▶ _REQUIRED WORK_
An exact copy of every line from the one holding "VULKIT Women's Double" to the end of the entries below is required; leave the pictures out.

▶ _PROVIDED DATA_

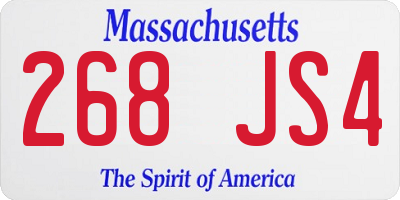 MA license plate 268JS4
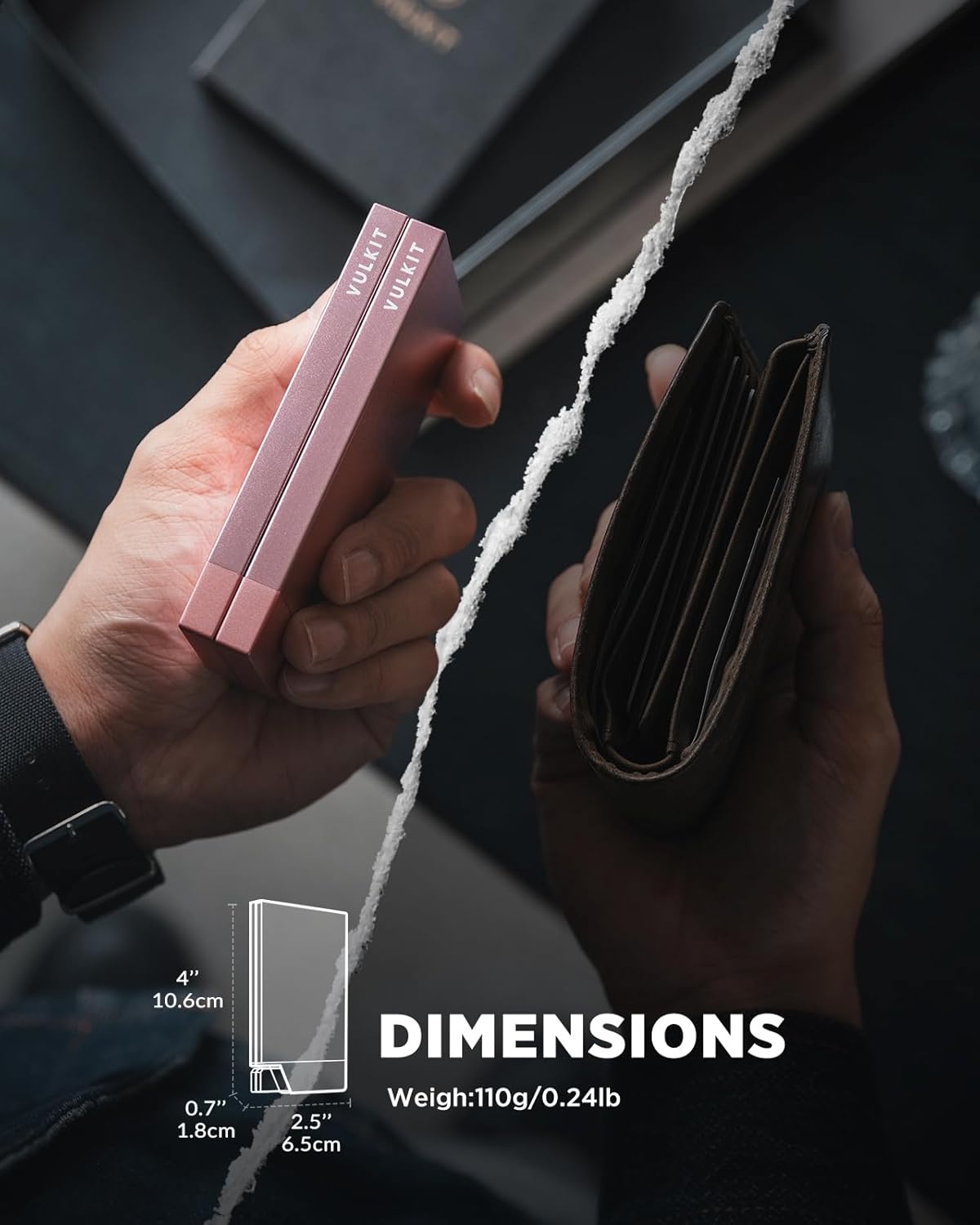 VULKIT Women's Double Sided Pop Up Credit Card Holder, Slim Twin Push Button Ejection Wallet Holder with RFID Blocking, Aluminium Alloy Frame Metal Card Case, Holds 12-16 Cards (Rose Gold) - Image 3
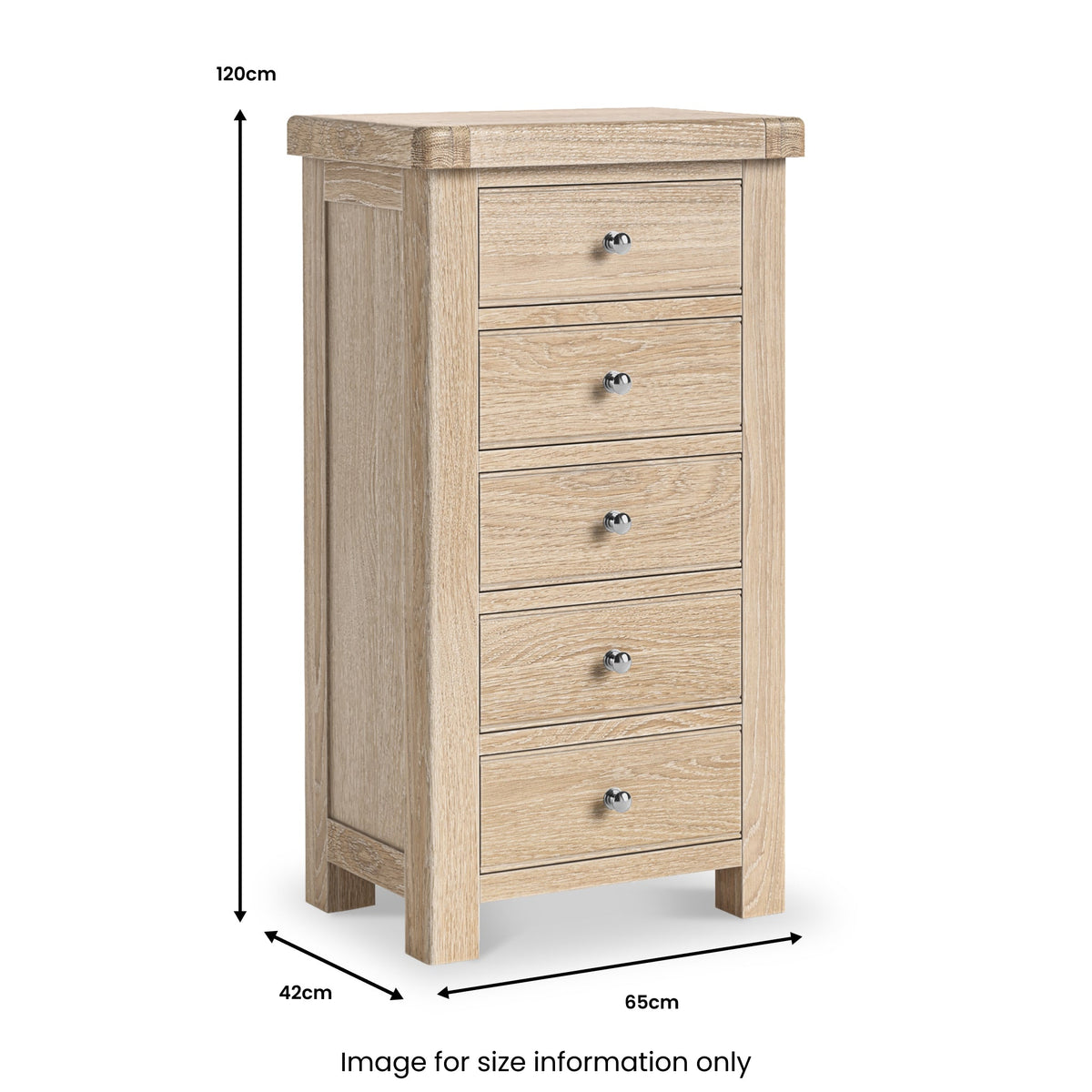 Portland Washed Oak 5 Drawer Tallboy Chest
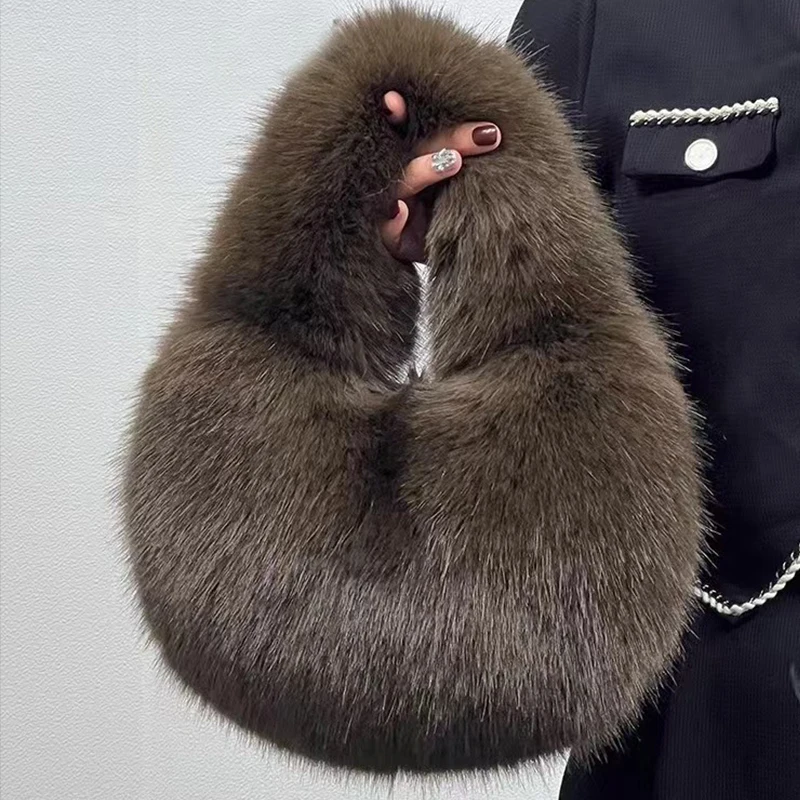 Winter Women Furry Shoulder Bags Soft Plush Solid Color Ladies Casual Tote Clutch Lightweight Female Faux Fur Hobos Handbag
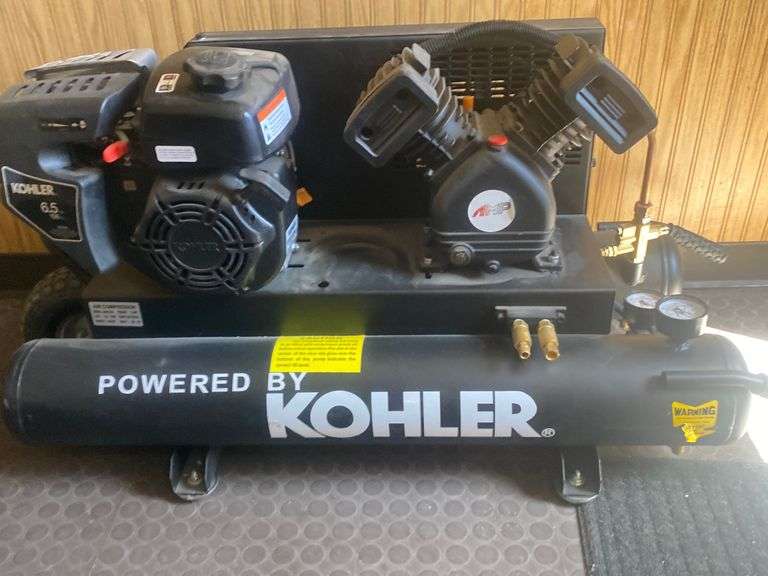 Amp Kohler gas powered air compressor - Gregg Auctions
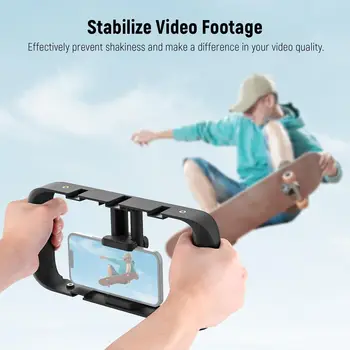 NEEWER Smartphone Video Rig, Phone Video Stabilizer Grip Vlogging Cage with Cold Shoe Tripod Mount, Phone Rig for Videomaker detail image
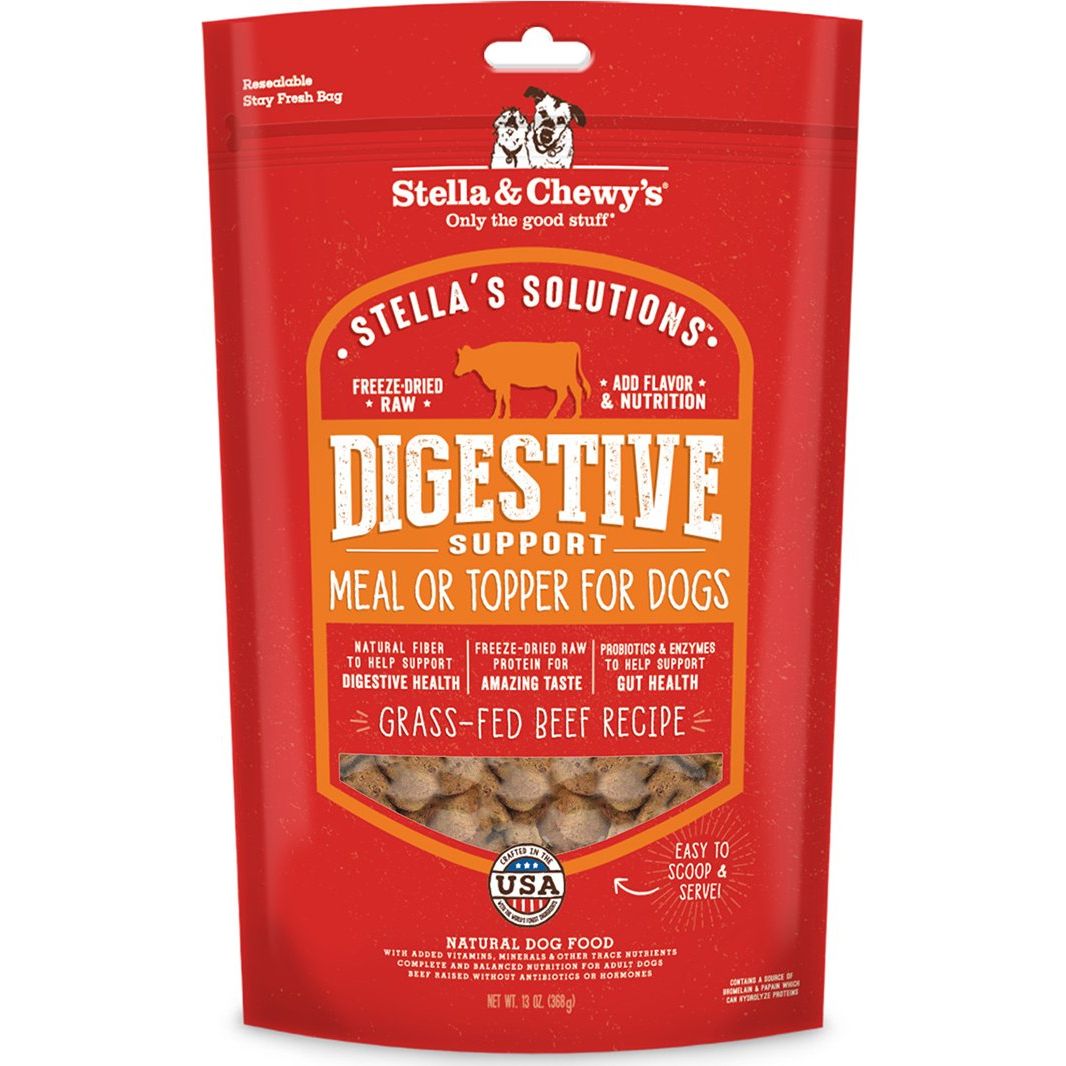 Solutions Digestive Boost Freeze-Dried Raw Grass-Fed Beef Dinner Morsels Dog Food. 370 g.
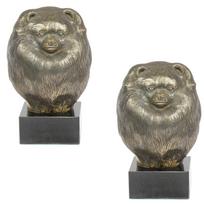 Pomeranian dog, Pom Dog, Dwarf Spitz - Dog statue, bust on stone base, sculpture, trophy for dog show by Art-Dog brand ruda
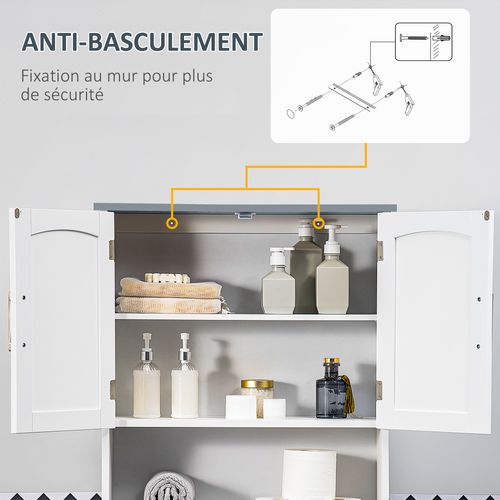 Meuble Wc Dessus Toilettes 2 Portes Étagère Niche Blanc Gris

▶ _EXPECTED ANSWER_
 VULKIT Women's Double Sided Pop Up Credit Card Holder, Slim Twin Push Button Ejection Wallet Holder with RFID Blocking, Aluminium Alloy Frame Metal Card Case, Holds 12-16 Cards (Rose Gold) - Image 3
 Portland Washed Oak 5 Drawer Tallboy Chest
 Winter Women Furry Shoulder Bags Soft Plush Solid Color Ladies Casual Tote Clutch Lightweight Female Faux Fur Hobos Handbag
 Amp Kohler gas powered air compressor - Gregg Auctions
 NEEWER Smartphone Video Rig, Phone Video Stabilizer Grip Vlogging Cage with Cold Shoe Tripod Mount, Phone Rig for Videomaker detail image
 Solutions Digestive Boost Freeze-Dried Raw Grass-Fed Beef Dinner Morsels Dog Food. 370 g.
 Pomeranian dog, Pom Dog, Dwarf Spitz - Dog statue, bust on stone base, sculpture, trophy for dog show by Art-Dog brand ruda
 Meuble Wc Dessus Toilettes 2 Portes Étagère Niche Blanc Gris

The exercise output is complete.